The Governor interferes with the vigilantes

So far the legal authorities had not interfered with the work of the Committee of Vigilance, whose numbers continued to swell indicating the approval and support of the people. With the exception of one rarely read newspaper the press stood behind them, as did the clergy who, if they discussed the matter at all, expressed satisfaction. The hangings of Jenkins and Stuart had put terror into the hearts of the criminal element and little remained to be done, except for the disposition of two scalawags held by the committee. But there were still those who opposed the efforts of the committee and wished to cause a conflict with them. To further this aim they appealed to the Governor of California, John McDougal.

John McDougall

Samuel Whittaker and Robert McKinzie, associates of Stuart, had already been tried, convicted and sentenced to hang. They had confessed their crimes and were awaiting execution when, on August 20th, Governor McDougal issued a proclamation addressed to the people and citing the committee by name. He called for all good citizens to aid the police in their attempts to stop the committee from illegally operating in the place of the regularly organized government. In normal times the citizens would have found no fault with what McDougal had to say but, after the Governor had visited the committee’s headquarters and expressed his approval of it’s actions and the good they had done, many had reason to find fault with the Governor’s statement.

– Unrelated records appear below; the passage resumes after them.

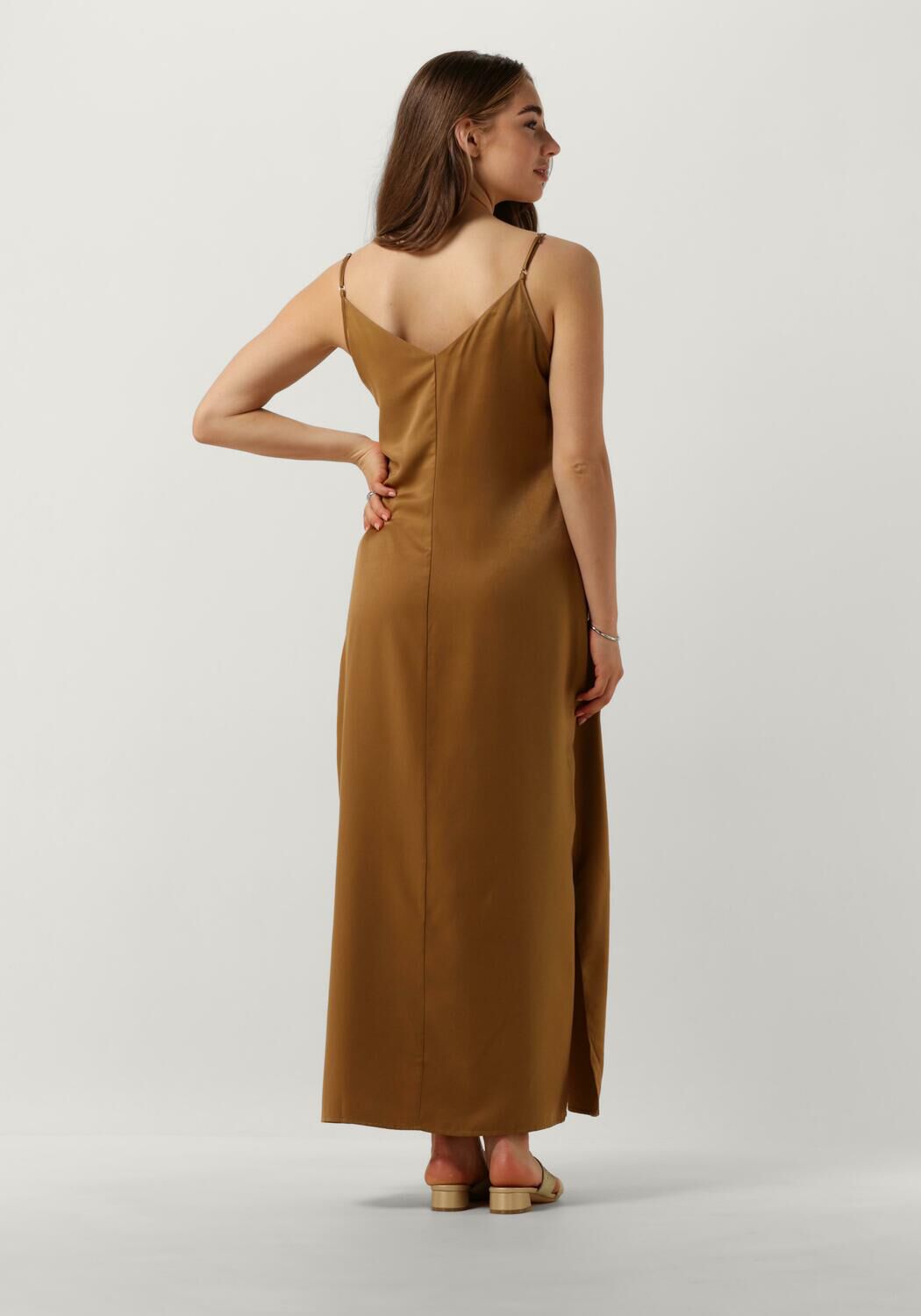 MY ESSENTIAL WARDROBE Dames Jurken Estellemw Strap Long Dress Bruin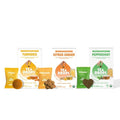 Tea Drops Herbal Trio Gift Set Sampler | Dissolvable Bagless Loose Leaf Tea | Iced or Hot | Caffeine Free Naturally Sweetened Peppermint Turmeric Citrus Ginger | 10 Per Flavor - 30 Servings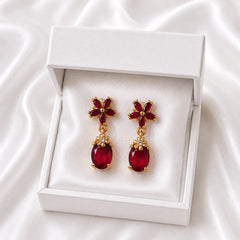 Zircon Earring-239 (Maroon)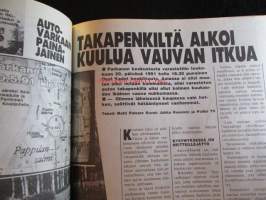 Alibi 1992 nr 2, sis. mm. artikkelit / kuvat / mainokset; Suomalaisopiskelija Kim Koskinen katosi laivalla, Offset-painaja Kari Kiviniemi putsasi vanhuksia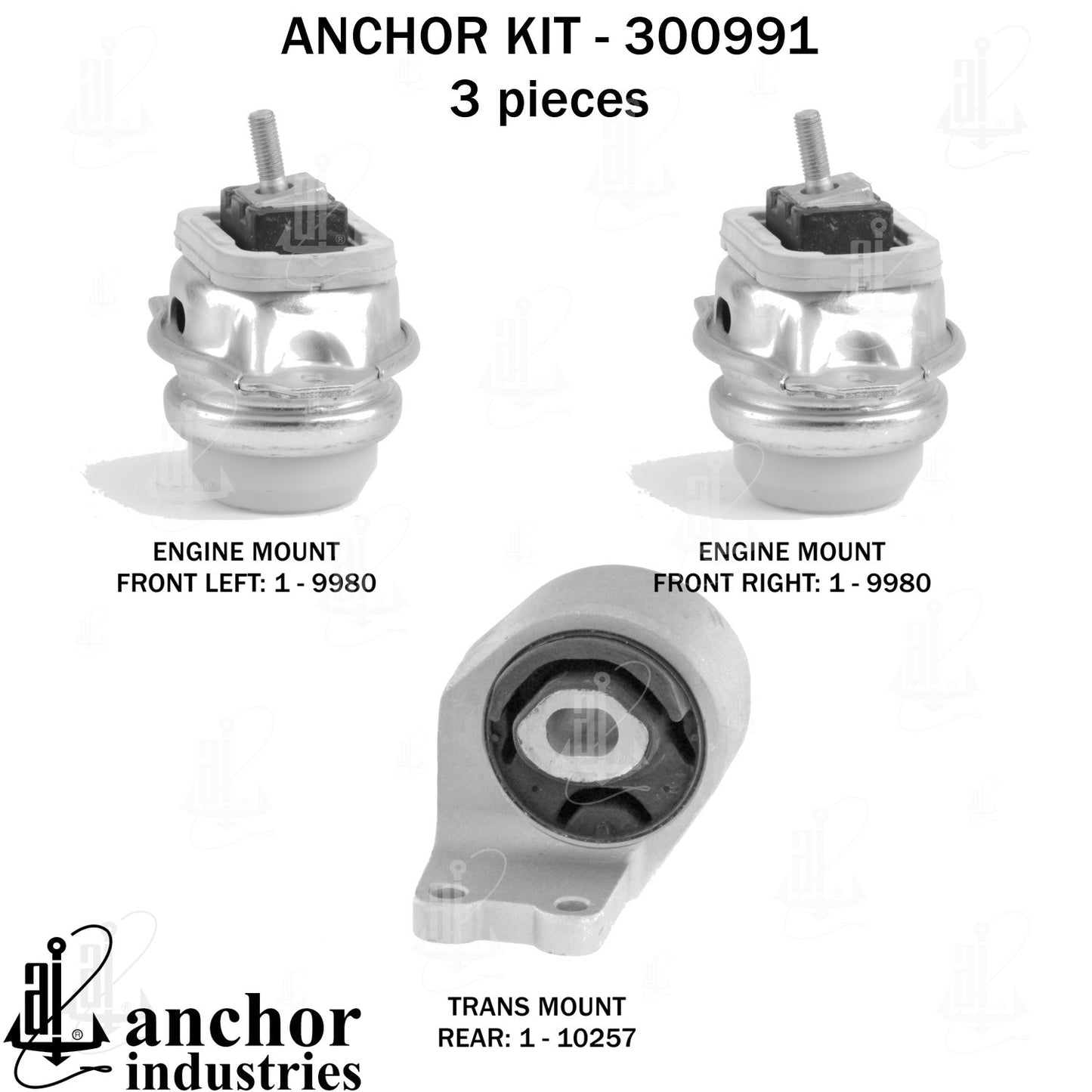 Anchor Mounts Engine Mount Kit 300991 image 3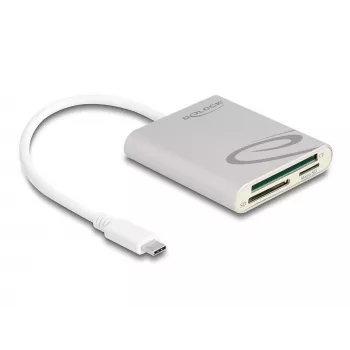 Čítačka kariet DeLOCK 91005 USB 3.2 Gen 1 Type-C sivá CF MMC MicroSD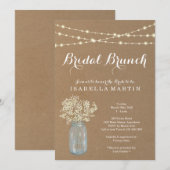 Rustieke brunch uitnodiging (Voorkant / Achterkant)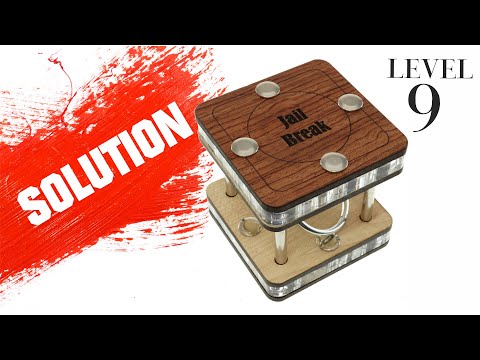 Jailbreak a wood puzzle from Siebenstein Spiele - Solution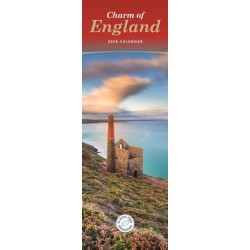 Charm Of England Slim Calendar 2026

The hanging of Whittaker and McKenzie

But McDougal went even further in his actions against the committee. He ordered Sheriff John C. Hayes and a large posse to appear at the offices of the committee just before dawn on August 21st and take the two prisoners by force. Temporarily out numbered there was little the committeemen could do. But the bell at the California Engine House immediately called for full attendance at vigilance headquarters. It was now Thursday morning and by the time the committee assembled Whittaker and McKinzie were safely locked in jail.

The committee waited until the following Sunday. At half past two that afternoon both felons were attending religious services with the rest of the prisoners in the jail when thirty-six members of the committee forced their way into the congregation. Now the vigilantes had the upper hand, but they wanted nothing more than Whittaker and McKinzie who they threw into a coach and then headed full speed for the headquarters on Battery Street. The bell at the Monumental Engine Company began to ring and almost the entire population of San Francisco assembled along Battery Street. Over each of the two upper floor windows of the headquarters a block and tackle, used to haul supplies to the second floor, dangled from a projecting beam and within seventeen minutes the prisoners were hanging by the neck from these beams. At least six thousand residents were said to have witnessed the execution.